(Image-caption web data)
========================================================================
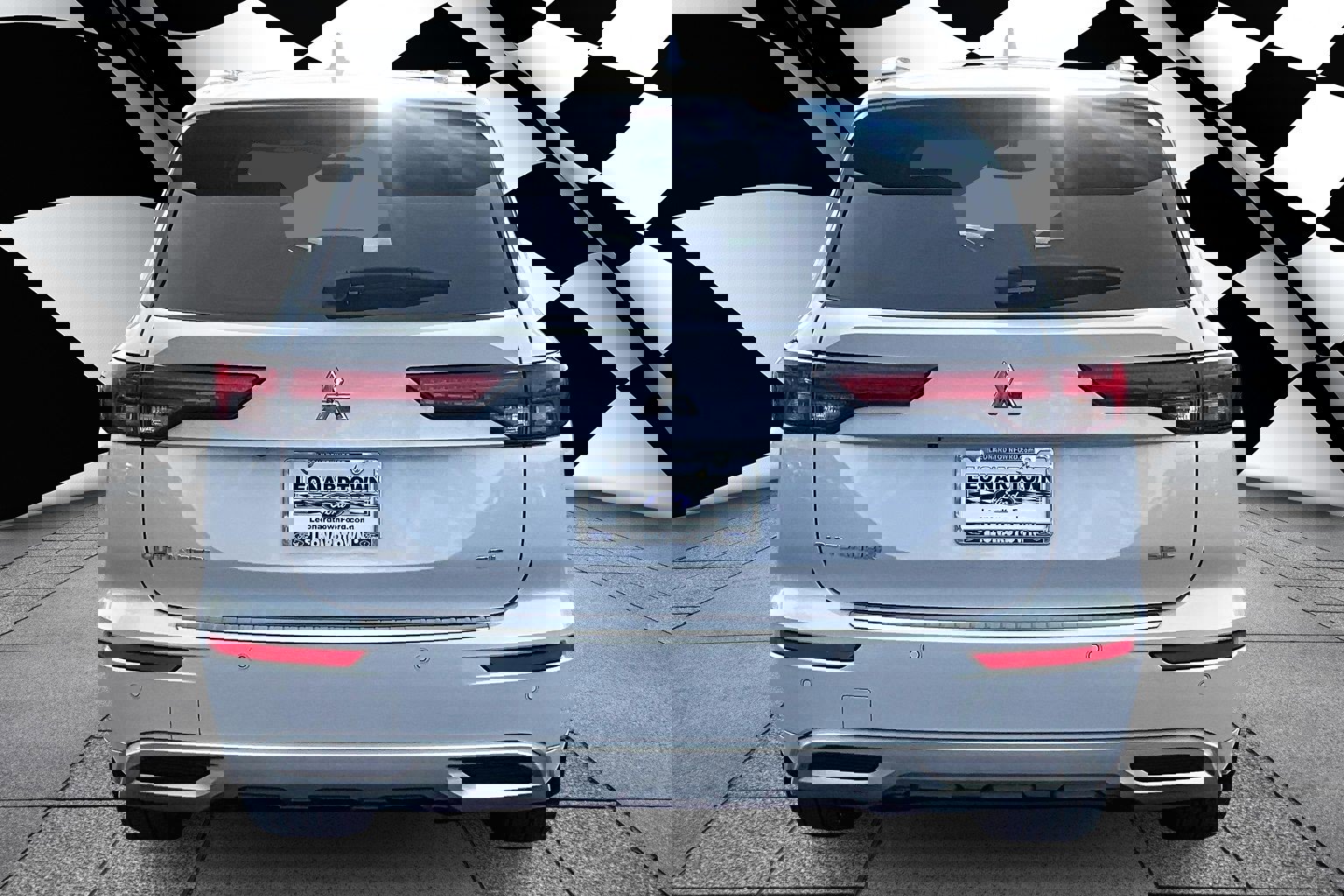 Used 2023 Mitsubishi Outlander SEL image 4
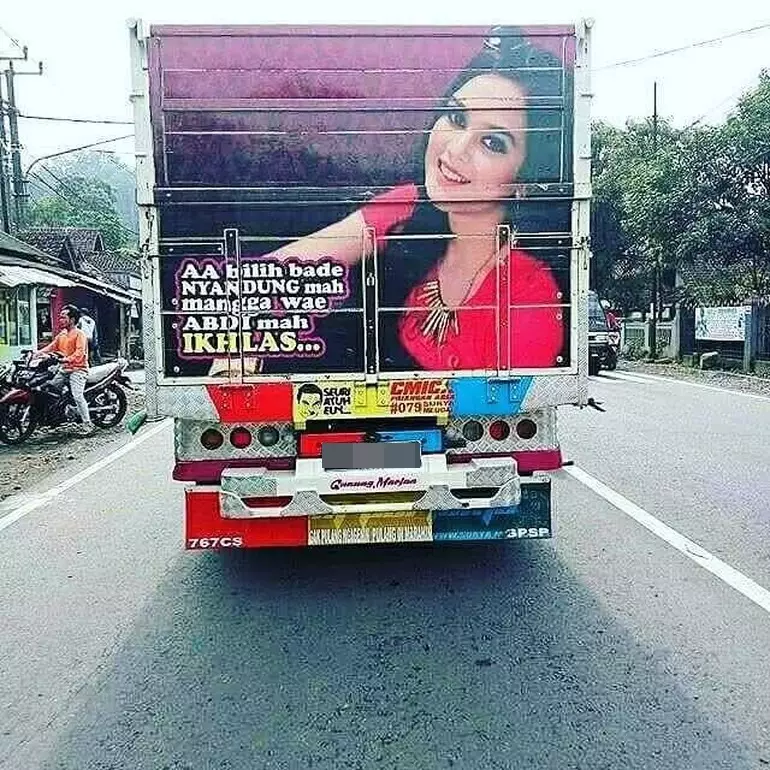 Potret pesinetron jadi gambar bak truk © Instagram Potret pesinetron jadi gambar bak truk © Instagram
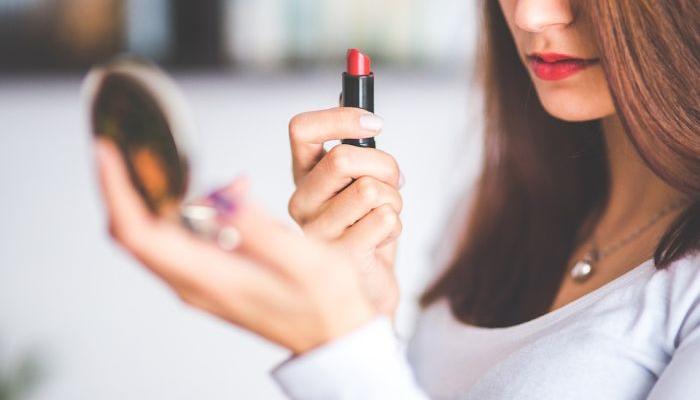 What is it about RED LIPSTICK that is driving men CRAZY?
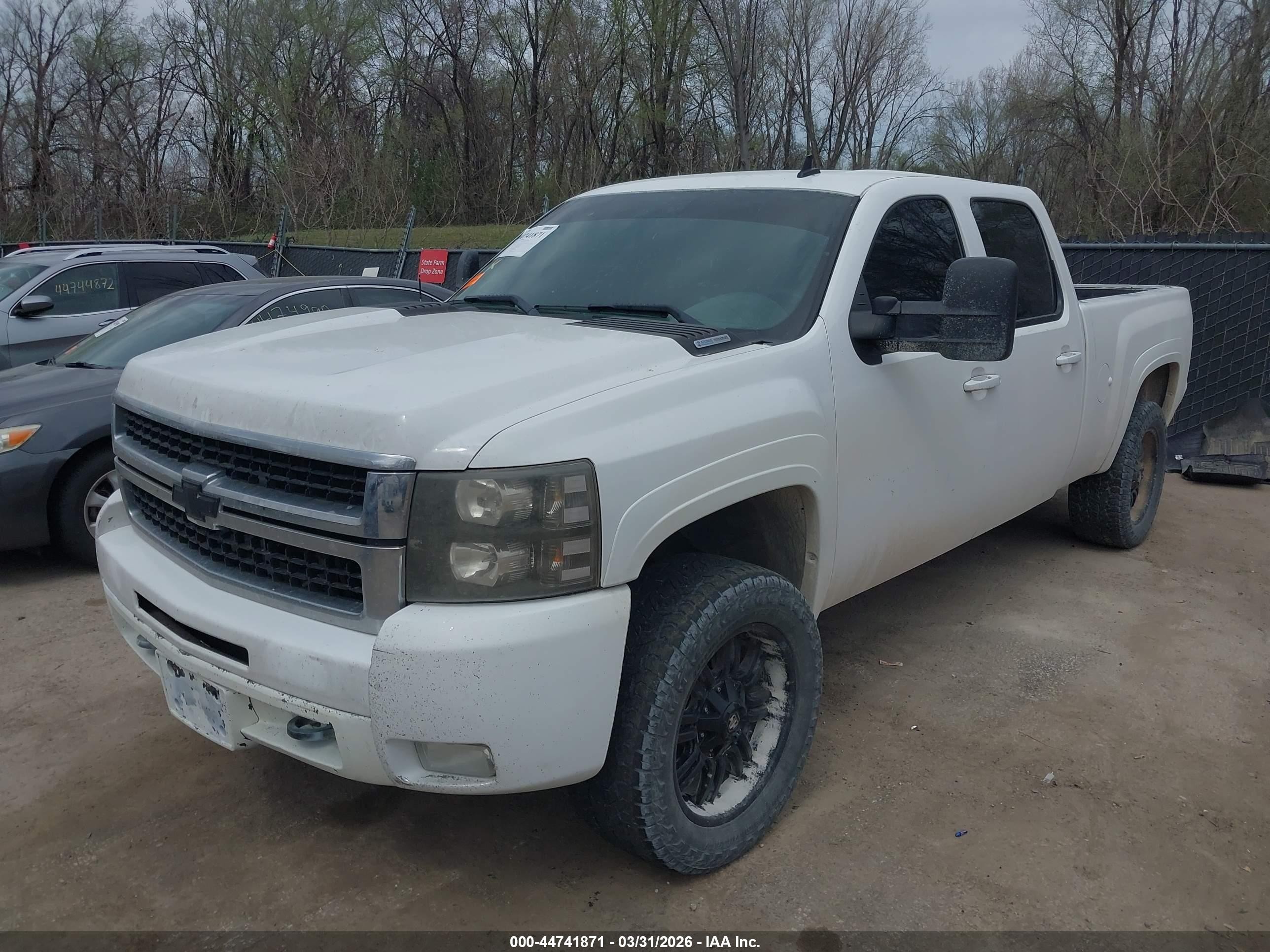 2008 Chevrolet Silverado 2500hd Ltz White vin: 1GCHK23608F219865
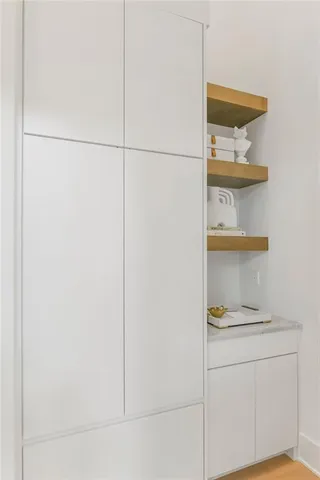 $2,100,000 | 11532 South Hollis Lane, Olathe, KS 66061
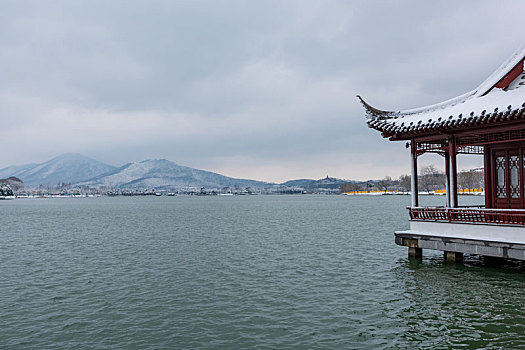 雪后玄武湖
========================================================================
Set down all of the data word for word; no pictures belong in it.

 Used 2023 Mitsubishi Outlander SEL image 4
 Potret pesinetron jadi gambar bak truk © Instagram Potret pesinetron jadi gambar bak truk © Instagram
 What is it about RED LIPSTICK that is driving men CRAZY?
 2008 Chevrolet Silverado 2500hd Ltz White vin: 1GCHK23608F219865
 $2,100,000 | 11532 South Hollis Lane, Olathe, KS 66061
 雪后玄武湖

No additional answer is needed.